Alejandro Zaera lo tuvo claro desde que acabó su carrera en Madrid en 1987. Sobre la marcha salió pitando de España y anduvo varios años incrementando su background profesional, primero en Harvard, donde acabó el Master Post-Profesional en Arquitectura (March II) y después trabajando en la oficina de Rem Koolhaas, entonces (y ahora) uno de los estudios de arquitectura más reputados. No podía haberlo hecho mejor, puesto que con la hoja de servicios con que salió de Madrid y el incremento de la actividad que por entonces se estaba generando en España, lo aconsejable hubiera sido quedarse. Pero él se fue y con los años se ha convertido en uno de los inspiradores más fecundos e incisivos de la arquitectura contemporánea, manteniéndose, por un par de décadas, dentro del grupo de teóricos y practicantes de la arquitectura, más sugerente e innovador.

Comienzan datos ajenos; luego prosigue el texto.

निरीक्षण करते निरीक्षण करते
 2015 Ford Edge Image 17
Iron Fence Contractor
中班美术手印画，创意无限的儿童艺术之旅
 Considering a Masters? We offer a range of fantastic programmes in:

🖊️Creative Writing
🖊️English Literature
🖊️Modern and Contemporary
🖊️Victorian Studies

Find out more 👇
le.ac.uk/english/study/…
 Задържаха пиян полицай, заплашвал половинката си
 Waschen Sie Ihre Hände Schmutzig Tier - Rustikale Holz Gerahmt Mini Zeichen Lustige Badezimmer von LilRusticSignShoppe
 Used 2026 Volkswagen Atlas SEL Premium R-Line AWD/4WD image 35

Entre una serie de candidatos del más alto crédito académico y profesional, la Universidad de Princeton lo ha elegido hace unos meses para dirigir la Escuela de Arquitectura de allá, con lo que, si la memoria no me falla, se convierte en el segundo español (Moneo fue Charman del Departamento de Arquitectura, pero no director) al que se le encarga la dirección de una escuela de arquitectura norteamericana: al menos en lo referente a las universidades de la Ivy League (la liga de la hiedra), que es como se conoce al grupo de las ocho universidades más influyentes de la costa oriental estadounidense. El otro español fue José Luis Sert, aquel arquitecto catalán tan comedido y silencioso, que revolucionó la arquitectura y el urbanismo de la Cataluña republicana y que a finales de los años treinta tuvo que salir de España con lo puesto. El mismo que para la exposición universal parisina de 1937, construyó el pabellón español para que Pablo Picasso pintara y expusiera el Guernica. Ese insigne arquitecto también fue nombrado dean de la Escuela de Arquitectura de Harvard y se mantuvo al frente de la misma desde 1953 hasta 1969. Dieciséis años, que se dice pronto.

A Alejandro Zaera lo trajimos a Las Palmas a principio de los noventa para que participara en uno de los Másters más completos que se han organizado en la Escuela de Arquitectura. Un Máster de dos años promovido por el Departamento de Urbanismo en el que coincidieron, además del propio Zaera, Elia Zenghelis, Eleni Gigantes, Ben van Berkel, Jeffrey Kipnis, Jos Bosman, Iñaki Ábalos, Juan Herreros, Robert Collová, Susan Brownill, y un largo etcétera de arquitectos y urbanistas, ahora consagrados, pero que entonces solo apuntaban maneras. Alejandro ni siquiera eso, ya que todavía no había construido ni un solo edificio, aunque sus artículos y entrevistas en la revista Croquis, introducían anticipadamente bastantes de los tópicos teóricos que iban a estar en la actualidad más rabiosa durante el entorno temporal del cambio de siglo.

Cualquiera que conozca las universidades americanas por dentro, sabrá el calibre de las condiciones que ponen a un profesional para encomendarle la dirección de una de sus facultades o centros de investigación. Pero es que Alejandro, además de consolidar junto a Farshid Moussavi, una de las oficinas de arquitectura más consideradas de Inglaterra, buena parte de cuya producción ha dado la vuelta al mundo a través de los medios de divulgación y publicaciones más exigentes, dirigió durante diez años el Instituto Berlage de Rotterdam, dedicado casi por entero a la especulación teórica y la experimentación arquitectónica. Alejandro y Farshid despegaron con aquella terminal de pasajeros revolucionaria de Yokohama (Japón) entre 2000 y 2002, a partir de un concurso internacional que habían ganado en 1994 y que fundó toda una corriente proyectual de edificaciones plegadas de conformación horizontal.